- **What this task involves**
Starting at the line with "ต่างหูไข่มุกเลี้ยงธรรมชาติ เปลือกหอย เพชรสวิส" and going on through the line with "ra biển Sydney", reproduce each line in the records below exactly and nothing more.

[Extracted data entries]
===============
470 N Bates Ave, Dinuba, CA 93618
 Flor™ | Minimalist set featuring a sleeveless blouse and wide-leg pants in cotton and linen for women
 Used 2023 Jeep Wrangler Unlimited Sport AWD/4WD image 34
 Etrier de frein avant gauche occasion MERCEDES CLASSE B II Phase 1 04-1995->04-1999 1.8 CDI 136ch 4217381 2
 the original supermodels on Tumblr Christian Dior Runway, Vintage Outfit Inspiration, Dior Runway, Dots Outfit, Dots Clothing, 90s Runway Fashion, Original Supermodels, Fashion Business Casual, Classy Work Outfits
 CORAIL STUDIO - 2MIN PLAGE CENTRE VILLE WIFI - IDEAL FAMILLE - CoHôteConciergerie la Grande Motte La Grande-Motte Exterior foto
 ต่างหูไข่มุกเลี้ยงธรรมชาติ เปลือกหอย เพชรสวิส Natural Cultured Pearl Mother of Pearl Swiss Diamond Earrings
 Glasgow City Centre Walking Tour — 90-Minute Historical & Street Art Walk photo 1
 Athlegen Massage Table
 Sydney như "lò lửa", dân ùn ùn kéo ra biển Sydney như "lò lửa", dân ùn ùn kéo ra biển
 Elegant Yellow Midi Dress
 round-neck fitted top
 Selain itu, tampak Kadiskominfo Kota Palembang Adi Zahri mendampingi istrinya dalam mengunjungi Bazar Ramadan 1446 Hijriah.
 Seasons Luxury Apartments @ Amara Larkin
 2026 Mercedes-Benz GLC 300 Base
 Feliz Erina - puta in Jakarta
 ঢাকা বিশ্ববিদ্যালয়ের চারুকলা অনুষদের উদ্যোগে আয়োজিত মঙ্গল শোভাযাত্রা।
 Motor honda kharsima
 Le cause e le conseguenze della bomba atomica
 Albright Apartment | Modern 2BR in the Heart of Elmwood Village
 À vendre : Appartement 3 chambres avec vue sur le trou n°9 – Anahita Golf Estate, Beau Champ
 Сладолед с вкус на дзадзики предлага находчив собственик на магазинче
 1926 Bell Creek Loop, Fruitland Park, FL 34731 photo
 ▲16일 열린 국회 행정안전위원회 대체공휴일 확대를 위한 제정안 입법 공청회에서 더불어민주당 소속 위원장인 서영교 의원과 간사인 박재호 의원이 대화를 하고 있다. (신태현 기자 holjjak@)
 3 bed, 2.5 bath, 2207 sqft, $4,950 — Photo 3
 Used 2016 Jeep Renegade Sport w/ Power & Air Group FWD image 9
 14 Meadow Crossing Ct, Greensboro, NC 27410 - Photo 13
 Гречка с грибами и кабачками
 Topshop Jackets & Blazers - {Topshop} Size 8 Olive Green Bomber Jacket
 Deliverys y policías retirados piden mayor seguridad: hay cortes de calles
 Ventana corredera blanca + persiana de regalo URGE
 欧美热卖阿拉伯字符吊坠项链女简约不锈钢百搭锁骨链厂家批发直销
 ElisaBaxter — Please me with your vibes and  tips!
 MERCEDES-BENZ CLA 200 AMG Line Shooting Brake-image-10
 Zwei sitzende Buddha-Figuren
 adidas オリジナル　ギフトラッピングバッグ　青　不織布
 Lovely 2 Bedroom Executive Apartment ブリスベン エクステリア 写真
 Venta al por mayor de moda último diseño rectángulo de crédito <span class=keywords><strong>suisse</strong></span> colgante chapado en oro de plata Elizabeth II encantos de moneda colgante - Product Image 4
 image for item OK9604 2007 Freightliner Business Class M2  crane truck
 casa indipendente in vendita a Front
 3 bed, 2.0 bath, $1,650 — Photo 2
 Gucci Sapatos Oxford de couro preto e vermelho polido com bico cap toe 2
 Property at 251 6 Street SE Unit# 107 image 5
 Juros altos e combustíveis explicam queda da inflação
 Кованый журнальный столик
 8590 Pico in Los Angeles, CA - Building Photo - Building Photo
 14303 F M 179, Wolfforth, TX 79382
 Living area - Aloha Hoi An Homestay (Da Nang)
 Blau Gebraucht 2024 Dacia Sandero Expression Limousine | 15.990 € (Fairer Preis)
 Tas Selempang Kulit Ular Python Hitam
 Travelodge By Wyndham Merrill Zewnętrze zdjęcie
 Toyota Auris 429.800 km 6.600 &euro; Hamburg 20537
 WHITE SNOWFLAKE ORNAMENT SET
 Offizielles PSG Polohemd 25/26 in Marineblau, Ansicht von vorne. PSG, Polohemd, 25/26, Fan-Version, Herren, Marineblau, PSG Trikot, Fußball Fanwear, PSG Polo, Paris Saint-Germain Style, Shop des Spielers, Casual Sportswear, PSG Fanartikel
===============
- **Response**
 ต่างหูไข่มุกเลี้ยงธรรมชาติ เปลือกหอย เพชรสวิส Natural Cultured Pearl Mother of Pearl Swiss Diamond Earrings
 Glasgow City Centre Walking Tour — 90-Minute Historical & Street Art Walk photo 1
 Athlegen Massage Table
 Sydney như "lò lửa", dân ùn ùn kéo ra biển Sydney như "lò lửa", dân ùn ùn kéo ra biển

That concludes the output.